## CS494 Lecture Notes - A-Star

• James S. Plank
• Directory: /home/plank/cs494/Notes/A-Star
• Original notes: February, 2015
• Most recent revision: Mon Jan 25 11:03:21 EST 2016

A-Star (yes, you can write it A*, but I prefer to write it out. I'm old) is a shortest path algorithm which tweaks Dijkstra's shortest path algorithm to get some drastic performance gains. There are some great resources for A-Star on the web, and I urge you to read one of them (especially the first one).
• Amit Patel's series of pages on A-Star are here. They are wonderful.
• Mr. Patel has written another set of pages here.
• Of course, there's Wikipedia.
The problem is as follows: You want to find the shortest path from node Start to node End in a directed, weighted graph. The idea behind A-Star is simple and elegant, and it is most easily explained with respect to Dijkstra's algorithm. With Dijkstra, you maintain a set of closed nodes: these are the nodes for which you already know the shortest paths from Start. You also maintain a multimap of open nodes ordered by their shortest known distance from Start. At each step, you are assured that the first node in the multimap, let's call it n, is one that you can remove from the open set and add to the closed set. At the same time, you look at each edge from n, and see if you can add or update any nodes in the open set, as a result of taking a path through n to these nodes. You continue in this manner until End is in the closed set. Then you're done.
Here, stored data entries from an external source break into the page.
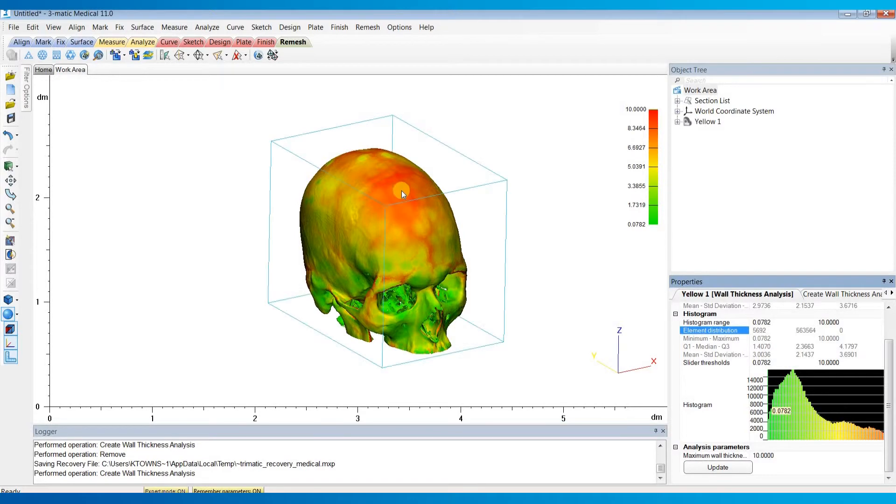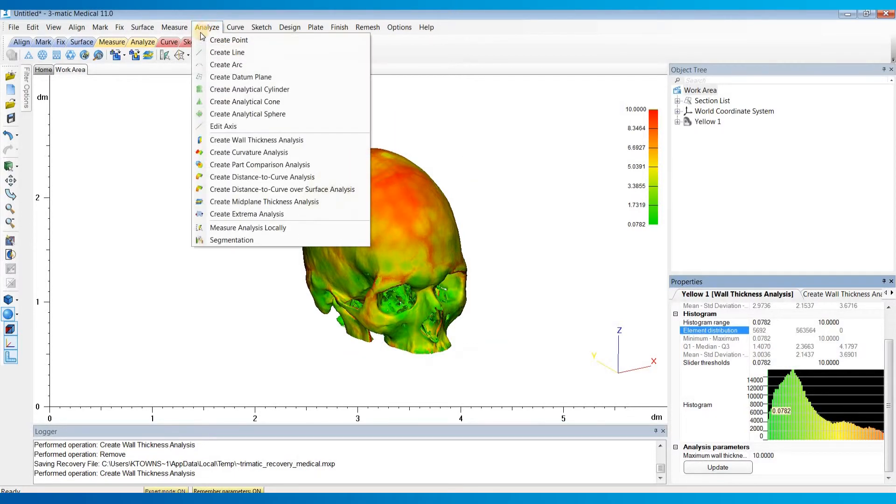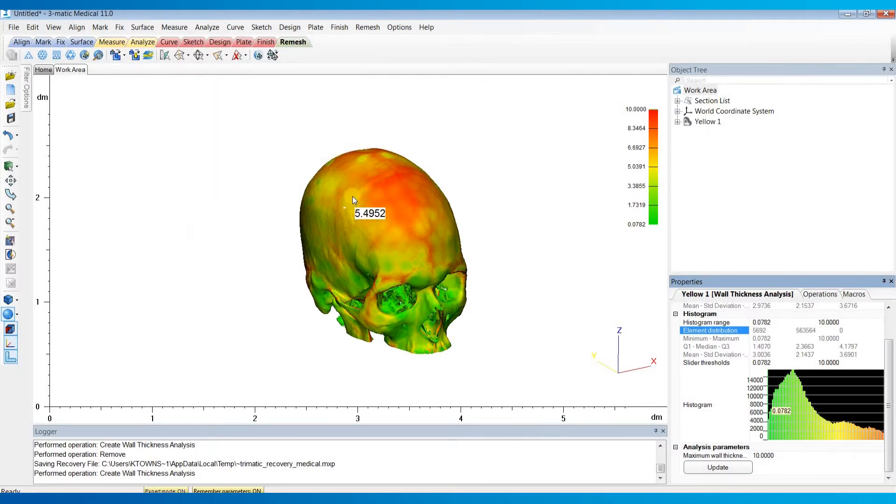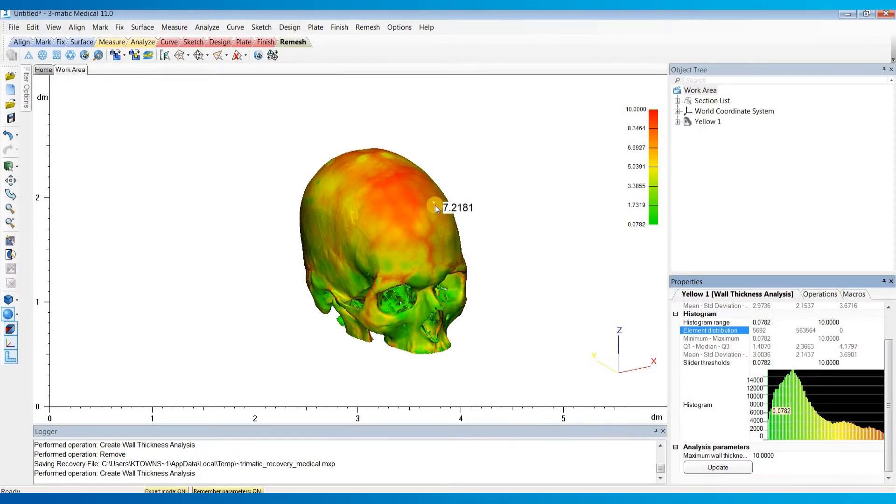So if you do want to see the thickness value of a very specific point, you can go to the Analyze menu and do Measure Analysis Locally. And then you can move your cursor around and get values for very specific points.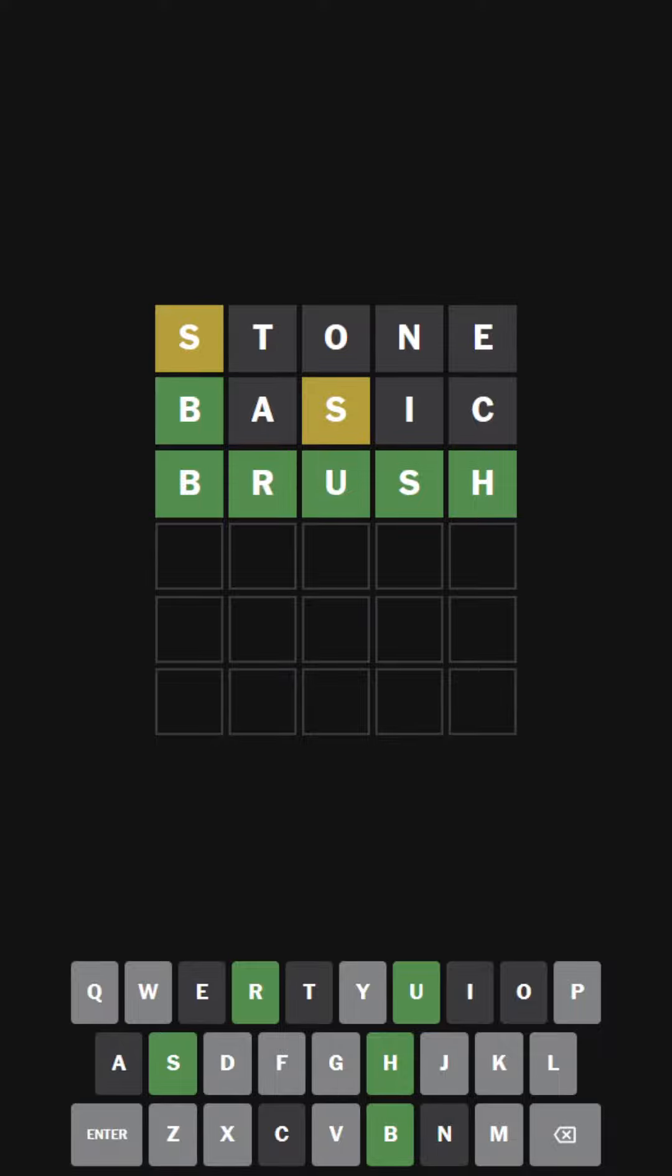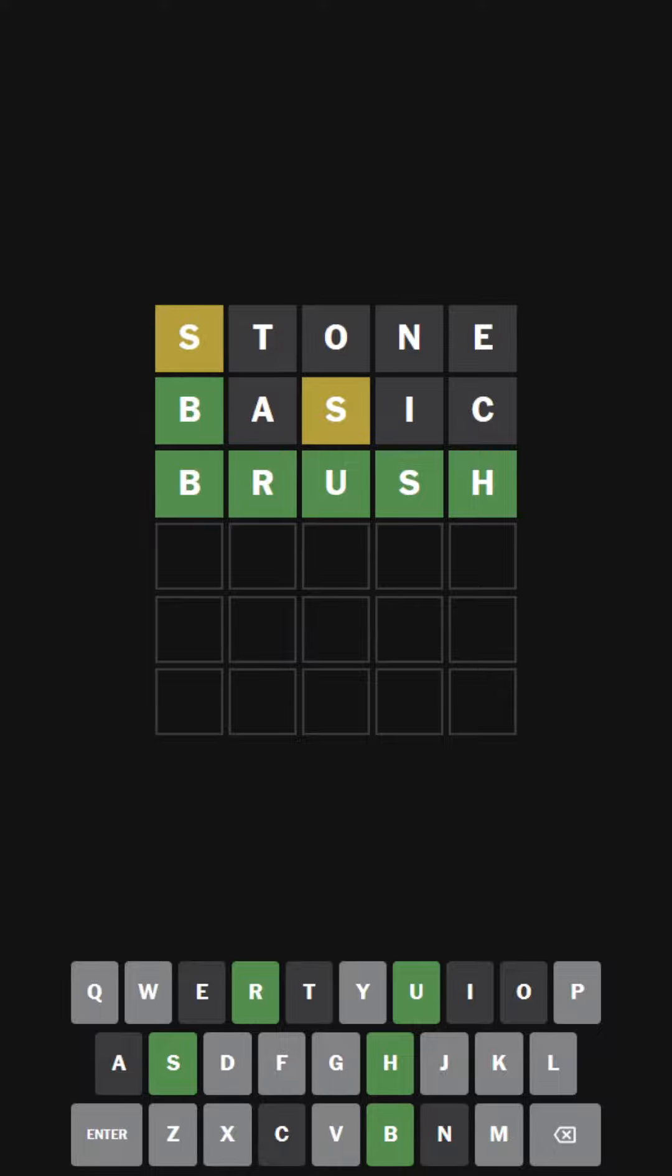Squirtle. I'll put it in the solution. Where's the word brush? And I had... Stone. And basic.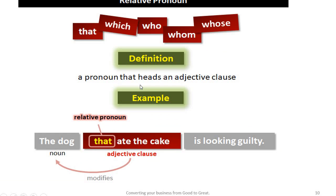What's the definition of the relative pronoun? The relative pronoun is a pronoun that heads an adjective clause. For example: 'The dog that ate the cake is looking guilty.' That here is a relative pronoun — it refers to the dog.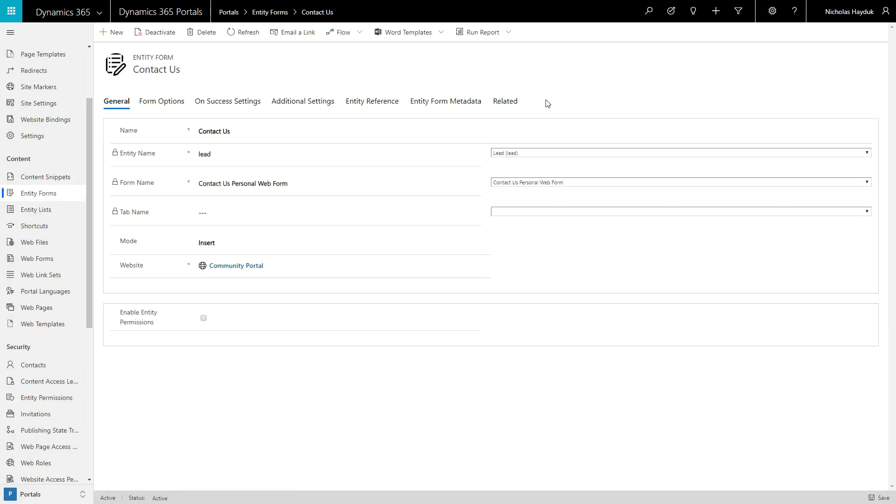Entity form metadata and web form metadata are simply entities related to entity forms and web form steps, respectively.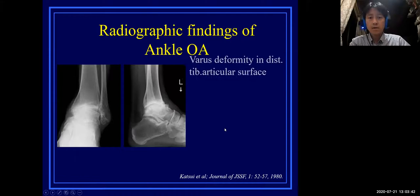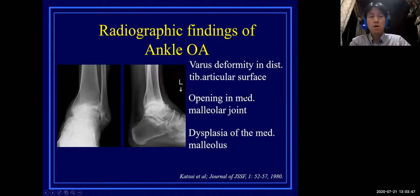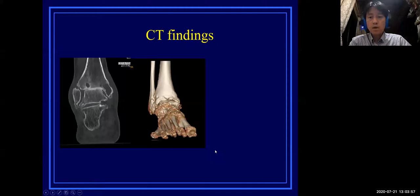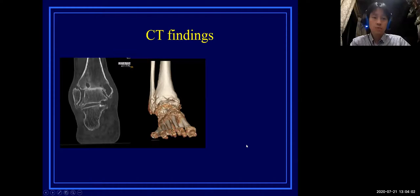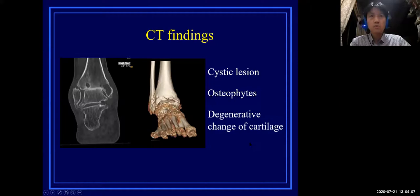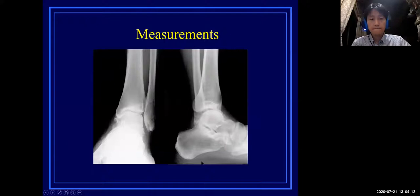The radiographic findings of OA are listed in this slide: various deformity in the distal tibial articular surface, opening in the medial malleolar joint, and dysplasia of the medial malleolus. You can also evaluate the condition of the joint in greater detail using computed tomography, where cystic regions, osteophytes, and degenerative changes of the articular cartilage are recognized.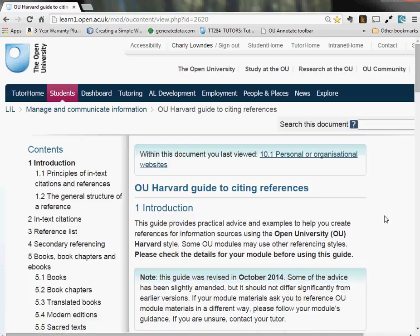Citing and referencing are basic skills for academic writing. They're good for three reasons. First, it helps reduce the risk of accidental plagiarizing. Second, it means your reader can follow up interesting sources. And thirdly, using authoritative sources — a bit more than Wikipedia or howstuffworks.com — adds strength to the argument you're putting across.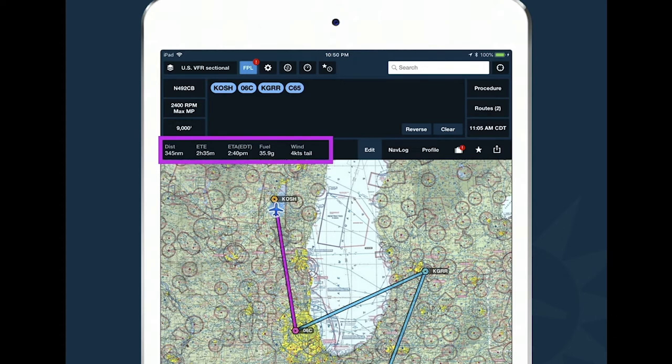In the bottom left of the flight plan drawer is an information readout showing total route distance, estimated time en route based on aircraft performance and winds aloft, estimated time of arrival based on your departure time, fuel burn, and average headwind or tailwind component across the entire route. To get good numbers out, you have to put good numbers in — you need to tell ForeFlight about your aircraft and how it performs.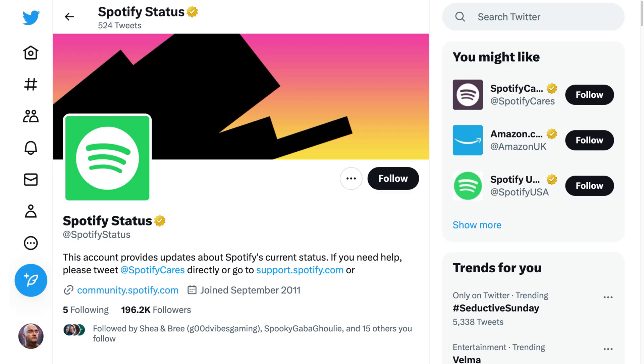If your internet is working but Spotify isn't, check if Spotify is down. Like all other online services, Spotify is subject to planned and unplanned outages. When it's down, you won't be able to access the platform's full services, which unfortunately includes logging into your account. But Spotify has a Twitter page called Spotify Status, which tweets when the app experiences any issues.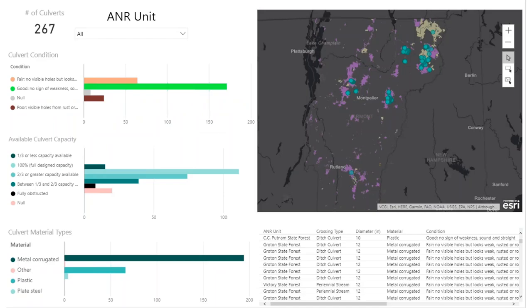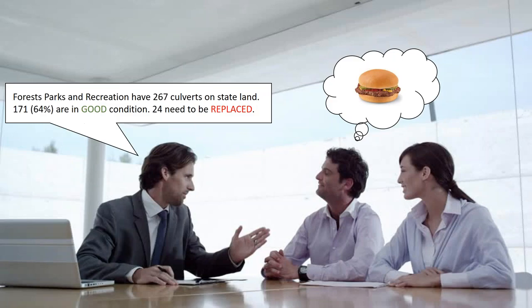This is a Microsoft Power BI example — forest parks and recreation infrastructure for all of our units. We refer to a unit as a particular FPR land. In this case, it's summarizing culverts: we have 267 culverts across FPR managed lands, and you can get an idea of their condition, capacity, and the various materials used across those state forests. In summary, forest parks and recreation have 267 culverts on state land — 171 are in good condition and 24 need to be replaced.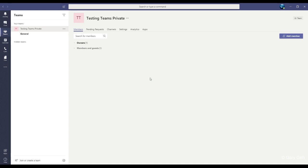If you created the team by default, you are the team owner. Any member can send the link, but only the owner can approve the request to join.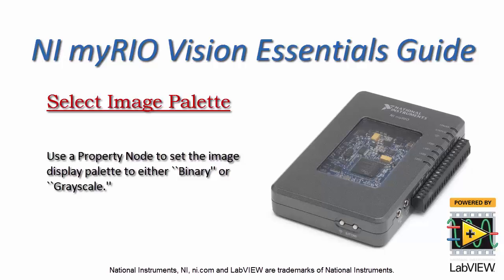Let's learn how to use a Property node to set the image display palette to either binary or grayscale.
With A-Star, you assign an extra value to each node. This is the estimated distance from that node to End. We will call it H(n) for each node n. To make the algorithm work, this distance must be less than or equal to the node's actual distance to End. Now, when you add a node to the multimap from Dijkstra's algorithm, instead of adding it based on the distance from Start, you add it based on the distance from Start, plus the estimate of the distance to End. You'll note that when you consider the first node on the multimap, you actually know shortest distance to that node, which allows you to move it from the open set to the closed set. You are guaranteed of this by the fact that your estimates are always on the low side.

What A-Star does to Dijkstra's algorithm is give preference on the multimap to nodes that are likely to belong on the shortest path from Start to End. The cool thing is that when End is the first node in the multimap, you are assured that you have found the shortest path to it. That's because all of the remaining nodes on the multimap have (distance from Start to node plus estimate of node to End) values that are greater than the path already discovered to End.

Let's take a really simple example:

The edges are weighted by their Euclidean distances, and I have labeled each node's H value to be its Euclidean distance to End. It should be clear that the actual path length from any node to End will have to be greater than or equal to its H value. In this example, only Start's path length is greater than its H value. The rest are equal.

When you run Dijkstra's algorithm on this graph, you go through the following steps:

• Add Start to the closed set. Nodes A and B are added to the multimap, with distances of 1.4 and 3 respectively.
• Node A is at the beginning of the multimap, so you remove it and add it to the closed set. You add End to the multimap with a distance of 5.4.
• Node B is at the beginning of the multimap, so you remove it and add it to the closed set. The path to End has been improved to 4, so you replace End in the multimap to have a distance of 4.
• Finally End is at the beginning of the multimap, so you know its distance is 4. The end.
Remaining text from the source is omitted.